[Records provided]

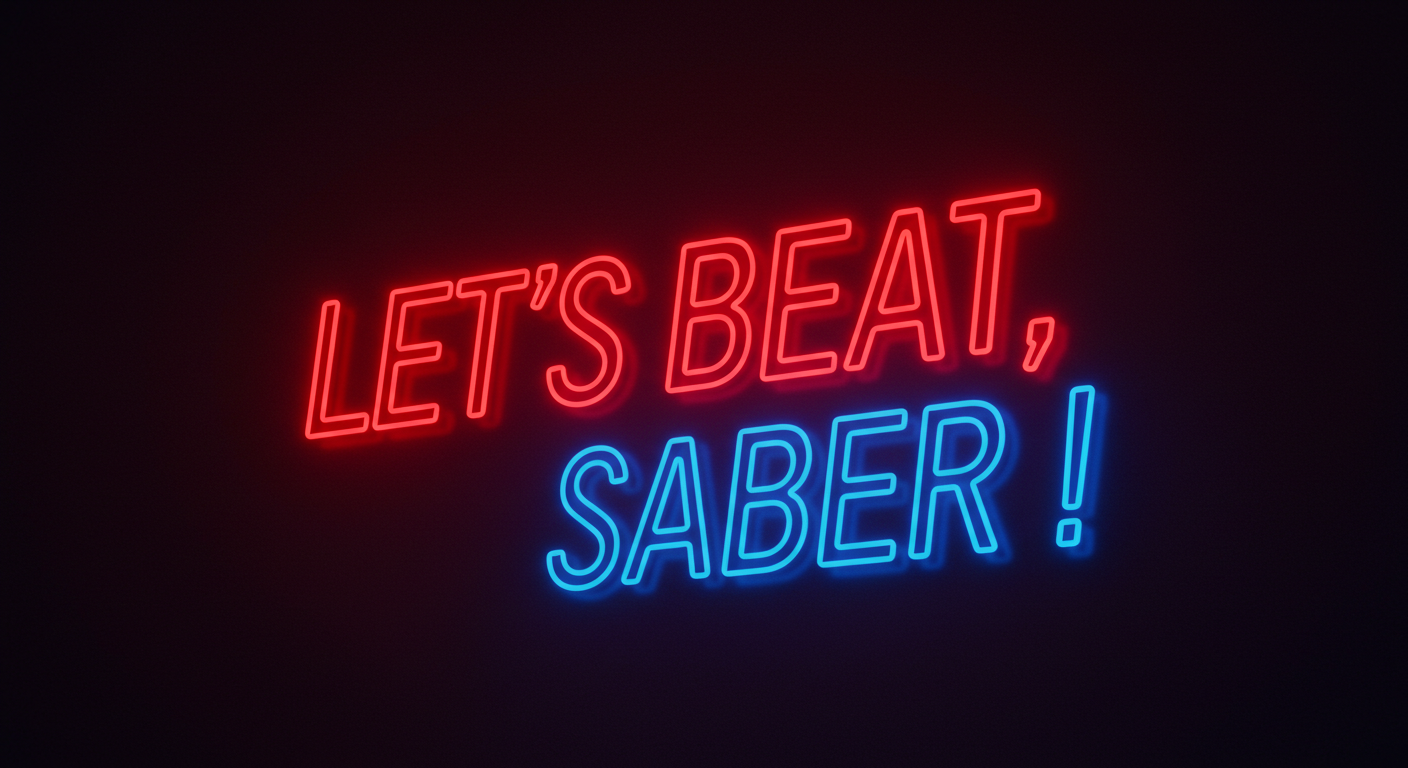 Let's Beat, Saber!
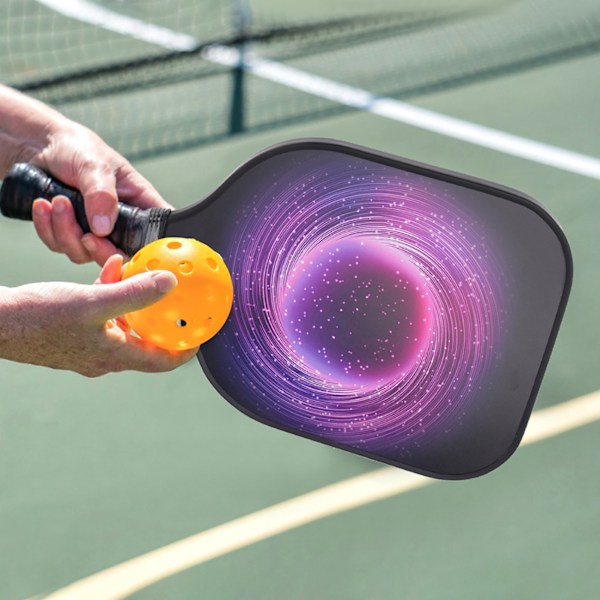 Professionella utomhussporter i kolfiber Pickleball Paddel Racket Bollar Set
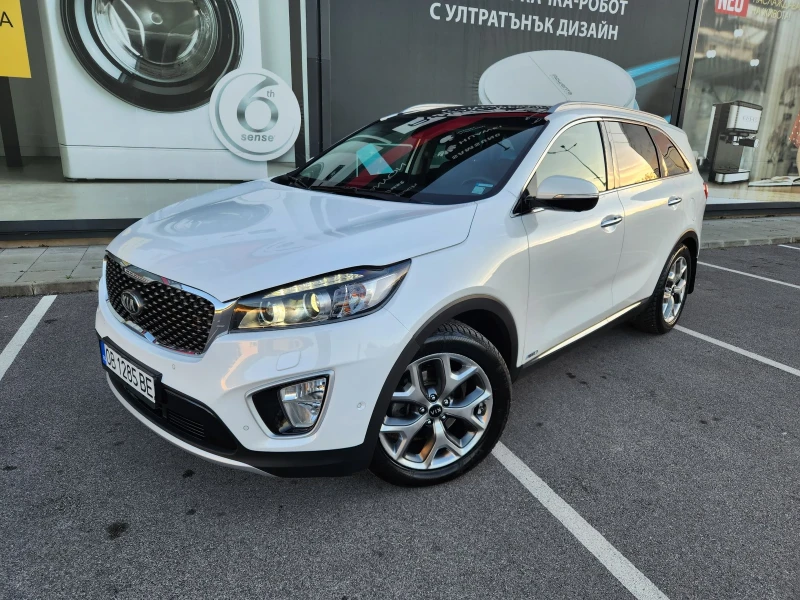 Kia Sorento 2.2CRDI-7 места, 200к.с.4х4, КАТО НОВА , снимка 3 - Автомобили и джипове - 47426632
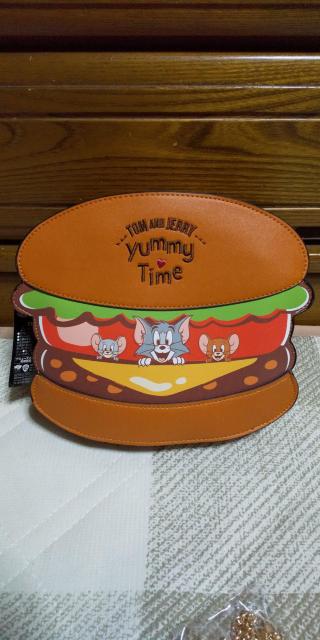 トムとジェリー CD食べ物バッグ < アニメ/コミック/キャラクター トムとジェリー CD食べ物バッグ < アニメ/コミック/キャラクターの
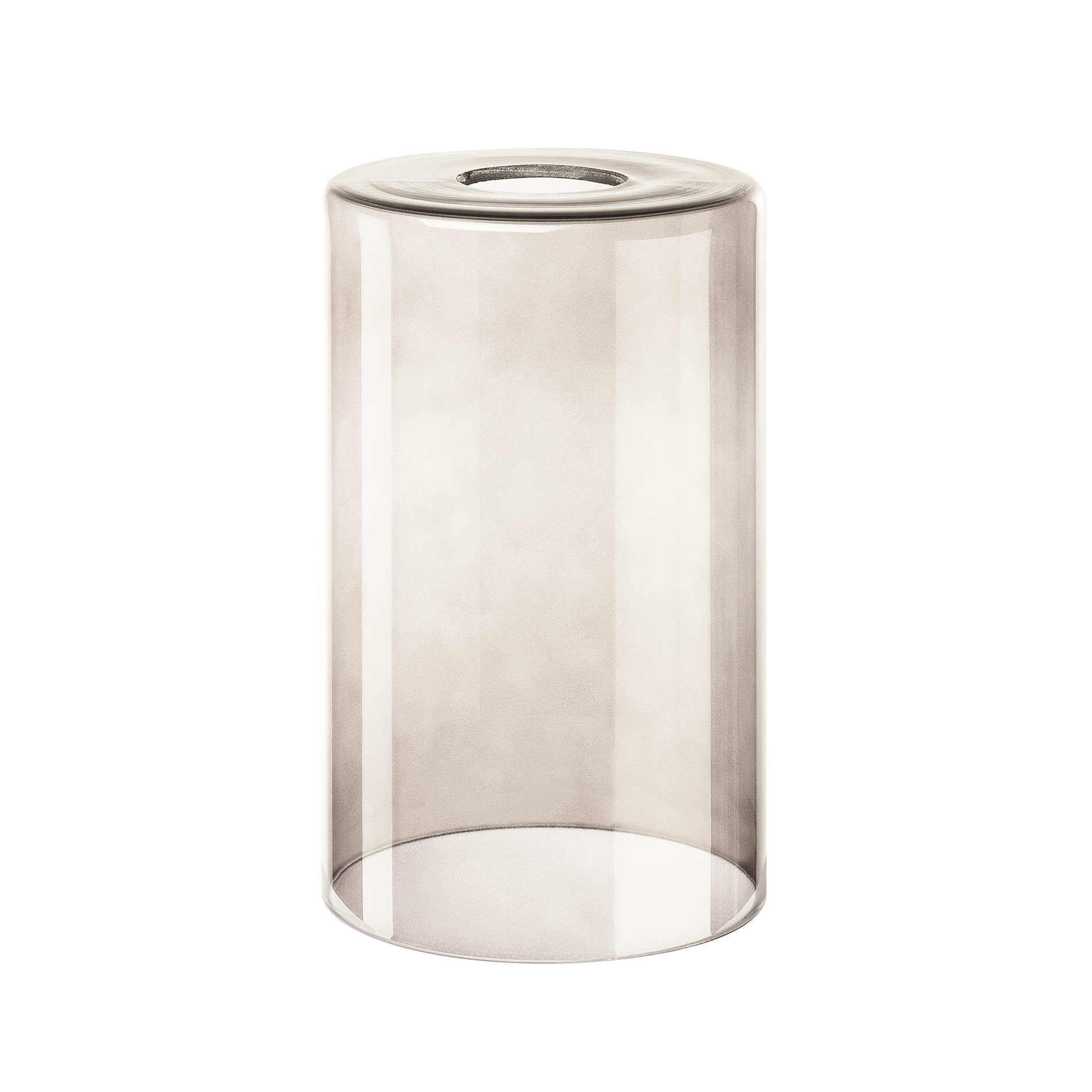 Slv FENDA Glasschirm Rauchglas Pic_1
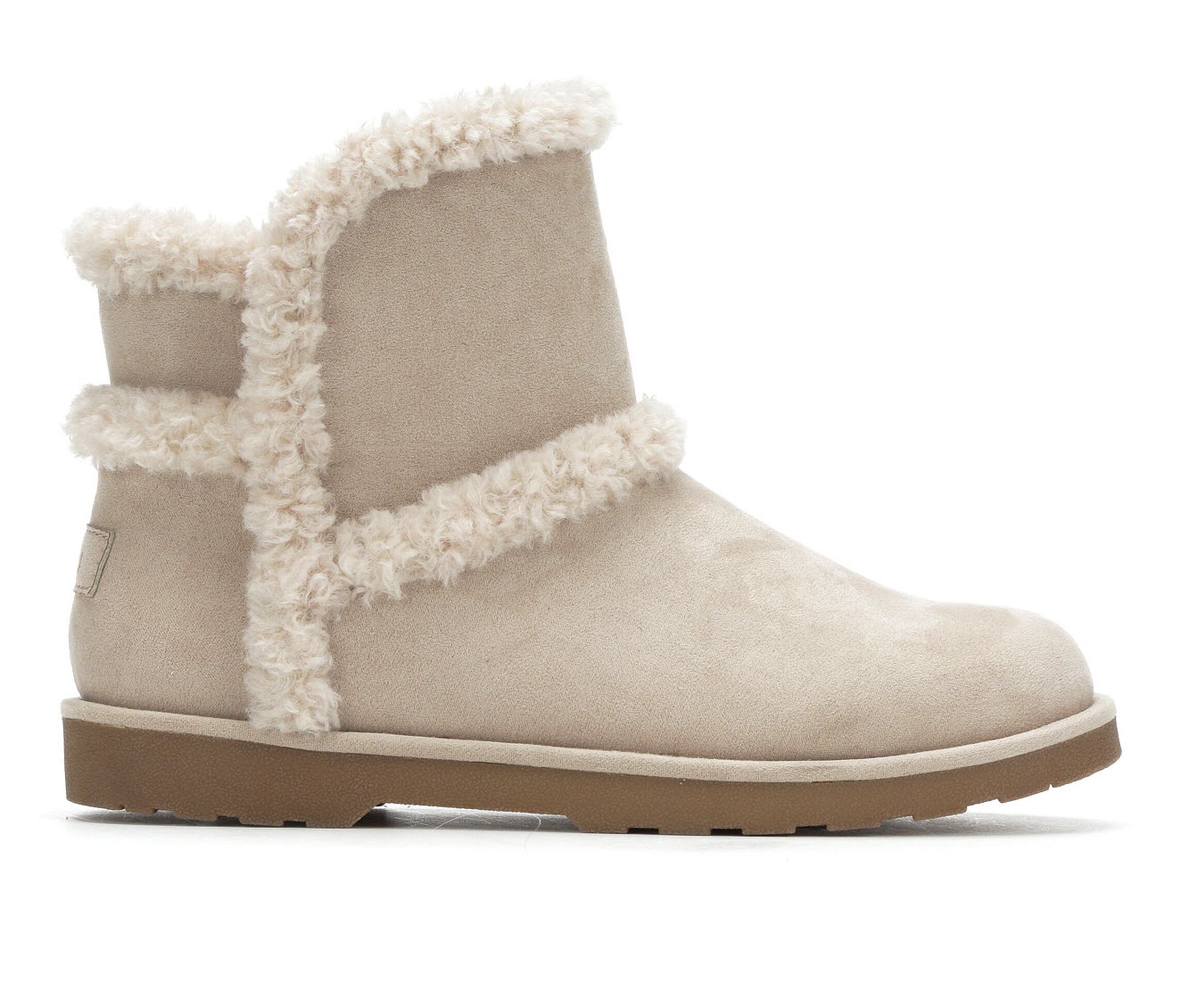 Makalu Yara Women's Boots (Beige - Canvas)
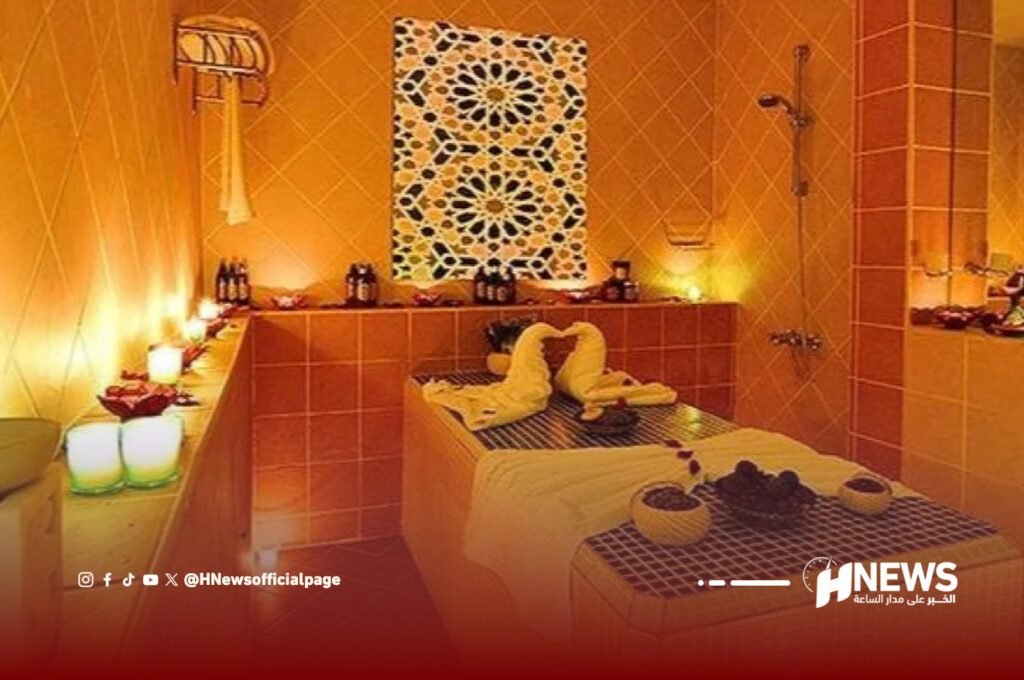 إسبانية تشعل الجدل بعد تجربتها الأولى في حمام مغربي تقليدي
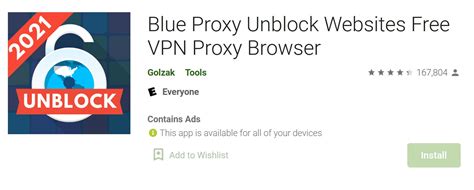 Download Unblock Proxy Browser Pc And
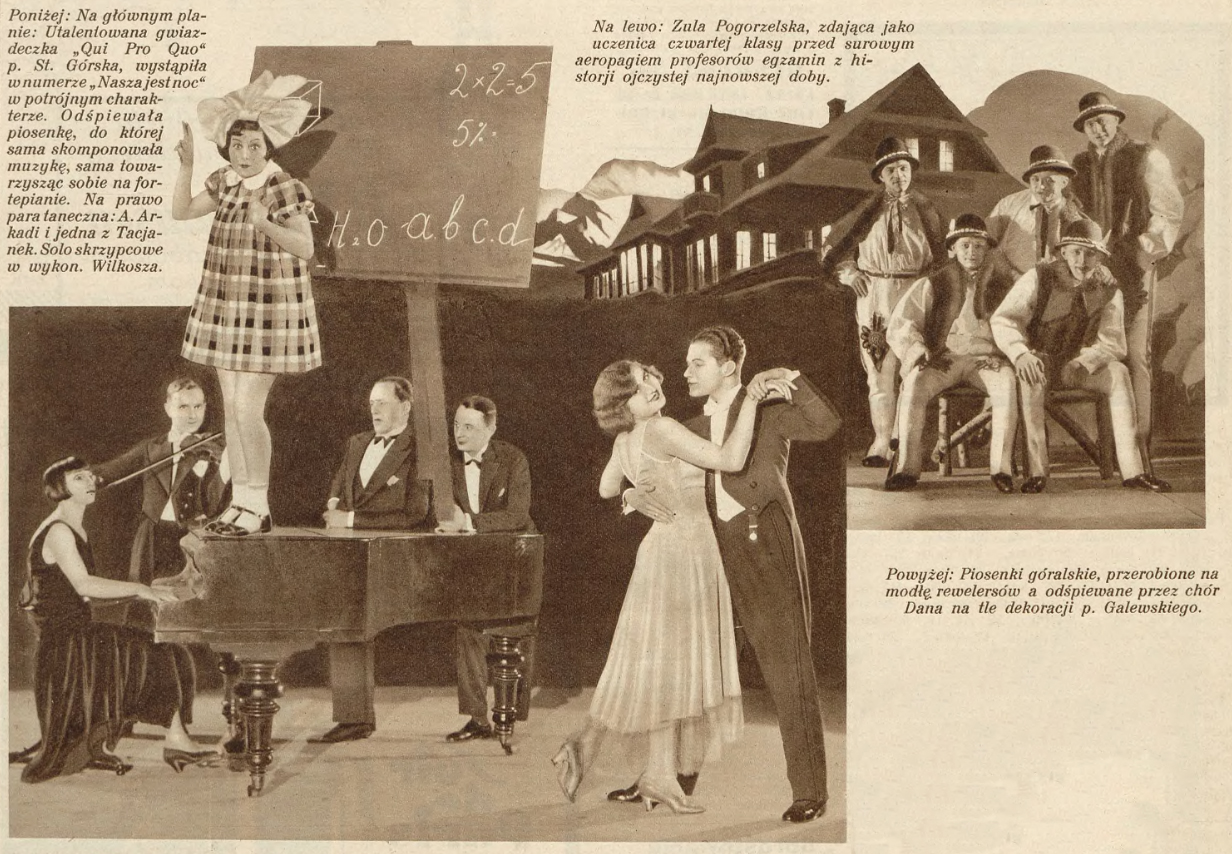 Chór Dana w „Qui Pro Quo”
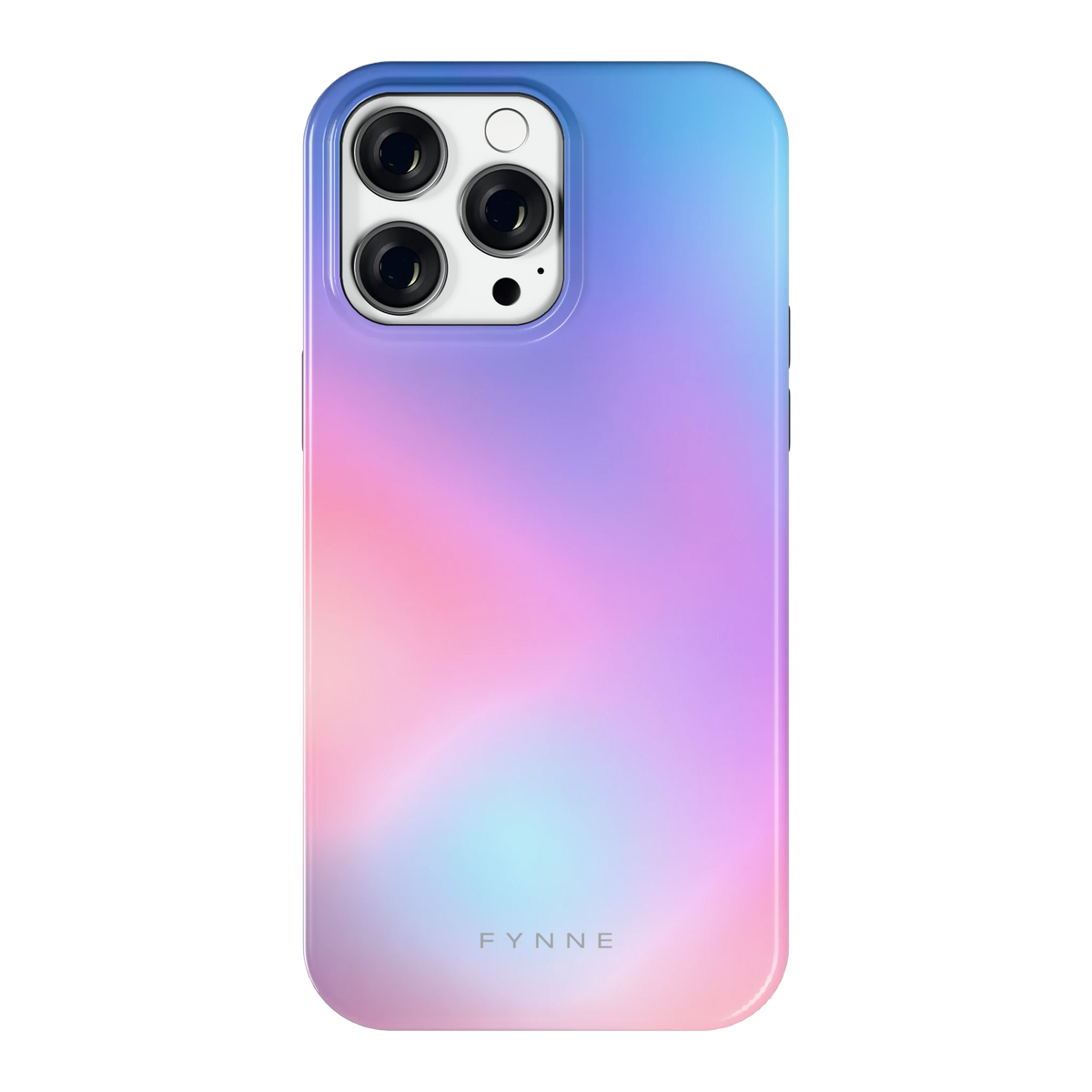 Pastelnevel hoesje voor iPhone 14 Pro Max, achterkant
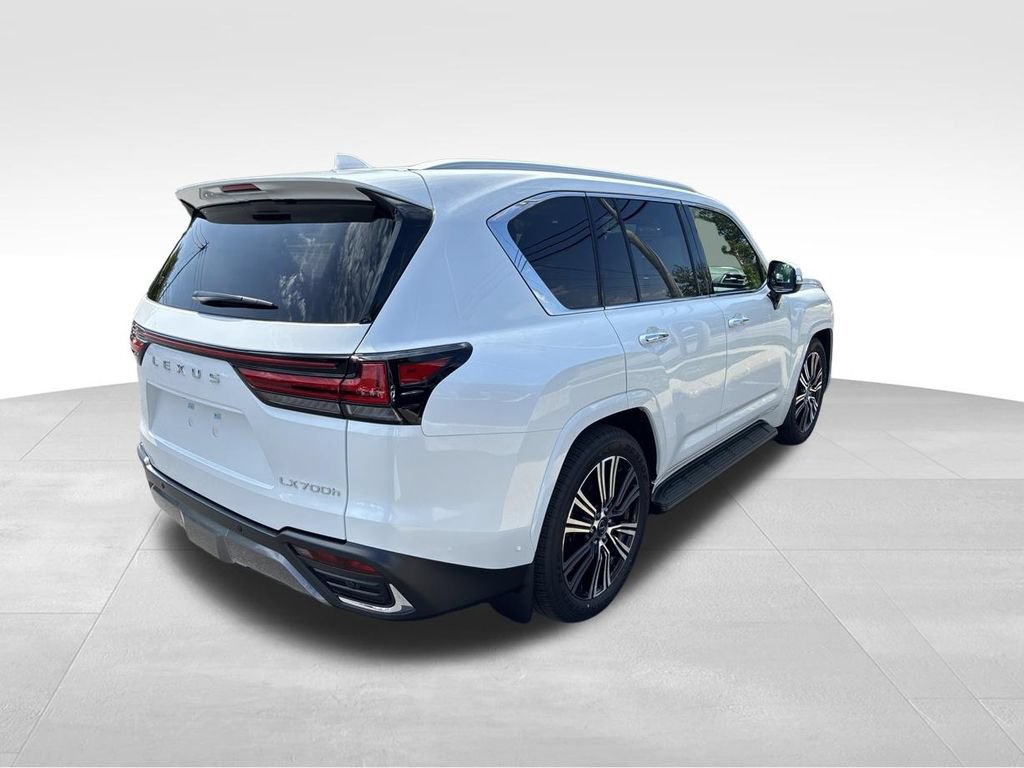 New 2026 Lexus LX 700h Luxury AWD/4WD image 9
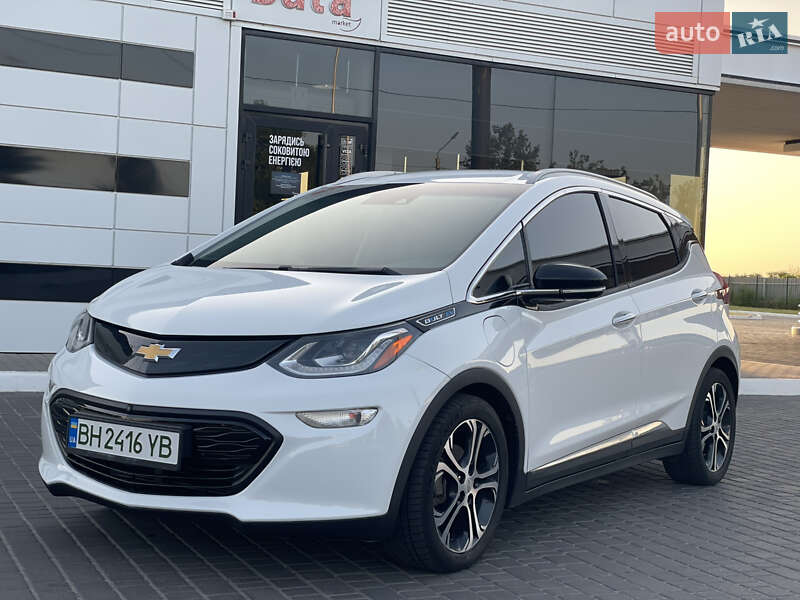 Chevrolet Bolt EV 2018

[/Records provided]

Exercise goal:
Every record above should be duplicated precisely, with the images removed.

Expected answer:
 Let's Beat, Saber!
 Professionella utomhussporter i kolfiber Pickleball Paddel Racket Bollar Set
 Kia Sorento 2.2CRDI-7 места, 200к.с.4х4, КАТО НОВА , снимка 3 - Автомобили и джипове - 47426632
 トムとジェリー CD食べ物バッグ < アニメ/コミック/キャラクター トムとジェリー CD食べ物バッグ < アニメ/コミック/キャラクターの
 Slv FENDA Glasschirm Rauchglas Pic_1
 Makalu Yara Women's Boots (Beige - Canvas)
 إسبانية تشعل الجدل بعد تجربتها الأولى في حمام مغربي تقليدي
 Download Unblock Proxy Browser Pc And
 Chór Dana w „Qui Pro Quo”
 Pastelnevel hoesje voor iPhone 14 Pro Max, achterkant
 New 2026 Lexus LX 700h Luxury AWD/4WD image 9
 Chevrolet Bolt EV 2018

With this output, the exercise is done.